A game of chicken. That's really what it's come down to for banks. Listening in on the Pulte Homes (PHM) conference call this morning, Richard J. Dugas, Jr., president and chief executive officer, summed up the game chicken banks are presently engaged in:

What is becoming clear is that banks are retaining many of their land parcels, especially the A-rated positions, until market conditions improve and they can realize better pricing.


See, right now banks aren't being pushed to sell their land portfolios thanks to Federal Reserve efforts to ease their balance sheet restraints and force feed liquidity into the stock market to help them recapitalize. But we're nearing the tipping point where if those efforts fail, well, then all bets are off.

"Good conditions change if the economy gets weaker instead of stronger in 2010, and banks find themselves under more pressure," Dugan said. "Of course, given that banks have held on this long, we believe that our few incremental deals might get forced out, but not the flood of lots that many have expected and feared."

Naturally, the risks involved in this game of chicken are extraordinary, but would our banking system have it any other way? If the magical mystery recovery falters, banks will be forced to unload this property all at once, naturally, and at much, much lower prices.

2. Burlington Northern Santa Fe: Overpriced for Any Other Business, Priceless for Berkshire

We read most of the pieces criticizing Berkshire's decision to pay up for Burlington Northern Santa Fe (BNI). The consensus is Buffett has uncharacteristically paid too much for Burlington Northern. As well, in the past, Buffett has been very critical of companies, including Berkshire (BRK), that make stock-funded acquisitions.

Referring to the "error" of purchasing the Dexter Shoe Company in 1993, Buffett said that by using Berkshire stock, "I compounded this error hugely." In essence, Buffett said he gave away 1.6% of Berkshire to buy a worthless business in that deal.
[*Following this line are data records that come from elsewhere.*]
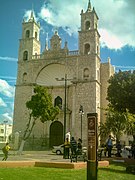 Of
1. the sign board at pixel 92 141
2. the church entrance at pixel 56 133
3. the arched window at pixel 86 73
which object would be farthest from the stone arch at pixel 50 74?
the sign board at pixel 92 141

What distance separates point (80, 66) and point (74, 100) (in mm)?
4619

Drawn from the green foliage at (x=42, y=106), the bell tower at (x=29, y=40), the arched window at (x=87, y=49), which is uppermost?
the bell tower at (x=29, y=40)

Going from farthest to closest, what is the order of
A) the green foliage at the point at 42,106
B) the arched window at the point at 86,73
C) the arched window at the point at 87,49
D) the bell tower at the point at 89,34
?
the arched window at the point at 87,49
the bell tower at the point at 89,34
the arched window at the point at 86,73
the green foliage at the point at 42,106

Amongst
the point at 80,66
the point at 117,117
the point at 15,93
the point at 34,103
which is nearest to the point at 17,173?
the point at 34,103

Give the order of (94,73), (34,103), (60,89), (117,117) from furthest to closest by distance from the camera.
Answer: (60,89) → (94,73) → (117,117) → (34,103)

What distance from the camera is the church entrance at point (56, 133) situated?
35297 millimetres

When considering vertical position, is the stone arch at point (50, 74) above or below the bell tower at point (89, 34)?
below

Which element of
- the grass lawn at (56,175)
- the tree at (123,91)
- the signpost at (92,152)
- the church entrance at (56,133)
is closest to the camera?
the signpost at (92,152)

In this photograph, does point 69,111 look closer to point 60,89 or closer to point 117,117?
point 60,89

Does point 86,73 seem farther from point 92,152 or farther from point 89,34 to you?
point 92,152

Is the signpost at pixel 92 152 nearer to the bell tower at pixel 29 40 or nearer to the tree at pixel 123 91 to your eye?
the tree at pixel 123 91

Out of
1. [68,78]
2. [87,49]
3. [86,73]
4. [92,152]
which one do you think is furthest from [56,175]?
[87,49]

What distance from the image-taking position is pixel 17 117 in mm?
37594

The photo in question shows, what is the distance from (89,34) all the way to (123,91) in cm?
1452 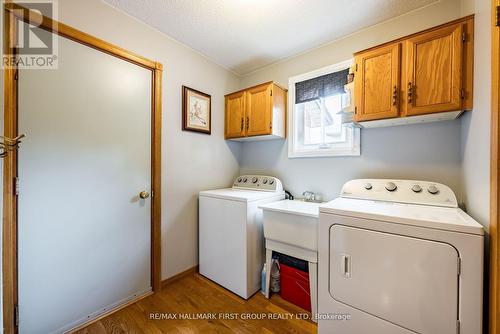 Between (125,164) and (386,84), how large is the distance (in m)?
→ 2.21

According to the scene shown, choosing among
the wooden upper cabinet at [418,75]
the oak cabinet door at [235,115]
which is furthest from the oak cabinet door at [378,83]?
the oak cabinet door at [235,115]

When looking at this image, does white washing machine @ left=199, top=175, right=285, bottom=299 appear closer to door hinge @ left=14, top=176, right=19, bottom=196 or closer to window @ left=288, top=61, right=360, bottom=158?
window @ left=288, top=61, right=360, bottom=158

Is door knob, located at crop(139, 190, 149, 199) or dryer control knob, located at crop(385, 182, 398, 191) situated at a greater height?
dryer control knob, located at crop(385, 182, 398, 191)

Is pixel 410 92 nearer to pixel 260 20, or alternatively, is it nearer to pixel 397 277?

So, what gives with the Burlington Norther purchase? Looked at as an individual acquisition it would seem to fall outside normal Berkshire parameters.
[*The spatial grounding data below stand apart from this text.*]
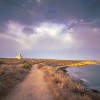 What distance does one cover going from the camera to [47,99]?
468 inches

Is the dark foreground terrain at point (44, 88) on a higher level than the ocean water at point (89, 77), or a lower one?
higher

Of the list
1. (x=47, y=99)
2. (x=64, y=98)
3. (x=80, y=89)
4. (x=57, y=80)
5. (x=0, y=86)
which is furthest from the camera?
(x=57, y=80)

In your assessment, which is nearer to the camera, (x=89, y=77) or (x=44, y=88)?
(x=44, y=88)

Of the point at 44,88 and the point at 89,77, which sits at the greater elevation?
the point at 44,88

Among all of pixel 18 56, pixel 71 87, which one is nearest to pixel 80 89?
pixel 71 87

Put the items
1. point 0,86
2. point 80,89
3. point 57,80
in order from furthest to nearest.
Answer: point 57,80 → point 80,89 → point 0,86

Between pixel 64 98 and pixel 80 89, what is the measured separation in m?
4.05

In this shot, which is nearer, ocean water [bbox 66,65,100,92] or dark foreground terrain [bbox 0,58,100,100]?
dark foreground terrain [bbox 0,58,100,100]

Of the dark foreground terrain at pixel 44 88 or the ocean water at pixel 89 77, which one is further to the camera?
the ocean water at pixel 89 77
Another way to look at it, however, is to consider that what Berkshire is acquiring is specific to its existing lines of business. Berkshire now owns access to coal deliveries to its utilities operations, as well as Burlington Northern cashflow that can now be used for further acquisitions. As well, Berkshire suddenly has newfound exposure to China, so there's a certain irony to Buffett calling the purchase an "all-in bet on America."

At the end of the day, Burlington Northern may be overpriced for any other business, but it's priceless for Berkshire.

3. The Fat Is in the Fire

Meanwhile, a more pressing issue is Berkshire's AAA debt rating. Standard & Poor's said on Wednesday morning it may cut Berkshire's AAA rating due to the pending deal. A significant part of the cash portion of the acquisition will likely come from Berkshire's core insurance operations, reducing their liquidity and capital adequacy, S&P said in a statement.

The deal also pressured Berkshire five-year credit default swaps after it was announced yesterday. This has been a favorite target of credit bears who were certainly helped in the position by the S&P announcement. It's good to have friends. The fat is in the fire.




4. Post-Election Wrap-Up

I was speaking with a political consultant this morning about what is needed for candidates to perform well over the next year in a number of spring primaries coming up. With social mood nearing another very intense wave down that will likely last throughout next year, what is the key theme successful candidates will need to focus on?The answer is simple: Take back Main Street from Wall Street and Washington DC.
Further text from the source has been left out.